This Scam Died

, , , , | | Right | May 30, 2019

(While I used to live with my parents, they moved away a couple of years ago. My husband and I remain in the house. The phone rings, and the caller ID shows a local number. I answer on the off chance it isn’t a scammer.)

Me: “Hello?”

Scammer: “Hi, this is [Scammer] calling from Medicare.”

Me: “No one here qualifies for Medicare.”

Scammer: “Oh, no, no, no. I’m calling for [Mother]!”

(This is still fairly common, even though it’s been almost three years since my mother has lived here. However, my mother doesn’t qualify for Medicare yet, either. I throw out the line that usually ends these spam calls.)

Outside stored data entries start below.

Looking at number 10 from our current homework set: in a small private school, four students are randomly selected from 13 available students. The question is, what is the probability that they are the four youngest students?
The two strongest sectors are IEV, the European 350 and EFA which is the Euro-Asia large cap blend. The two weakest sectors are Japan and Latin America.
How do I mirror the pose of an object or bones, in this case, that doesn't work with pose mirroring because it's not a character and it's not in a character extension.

Me: “She no longer lives here.”

Scammer: *yelling* “You mean she died?!”

Me: “Uh, no. She moved. Like, to a different place?”

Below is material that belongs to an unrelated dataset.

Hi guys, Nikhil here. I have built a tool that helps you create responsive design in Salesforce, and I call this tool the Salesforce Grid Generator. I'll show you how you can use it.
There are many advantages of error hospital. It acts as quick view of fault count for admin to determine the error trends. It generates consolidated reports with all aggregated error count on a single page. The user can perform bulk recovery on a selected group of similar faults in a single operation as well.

Scammer: “Oh! Yes, that’s right!”

Me: “Yeah, so this is the wrong—“

Scammer: “I’m good friends with her!”

(I’m shocked at how far from normal this is, and frankly, more than a bit amused. I decide to humor the guy a bit.)

Me: “Oh, you are?”

Scammer: “Yes, we’ve been friends for fifteen years. I was just pranking you.”

Me: “Is that so?”

Scammer: “I knew she wasn’t dead. It was a prank when I asked you if she died.”

Me: “Well, that’s… different.”

Scammer: “Yes, we are very, very close friends.”

Me: “Good, that’s nice to hear.”

Scammer: “Sooo… do you have her new number?”

Me: “Nope!”

Scammer: “Oh. Well, bye!”

(I texted my mom to let her know that her very good friend [Scammer] from Medicare called to check on her. She didn’t find it as amusing as I did.)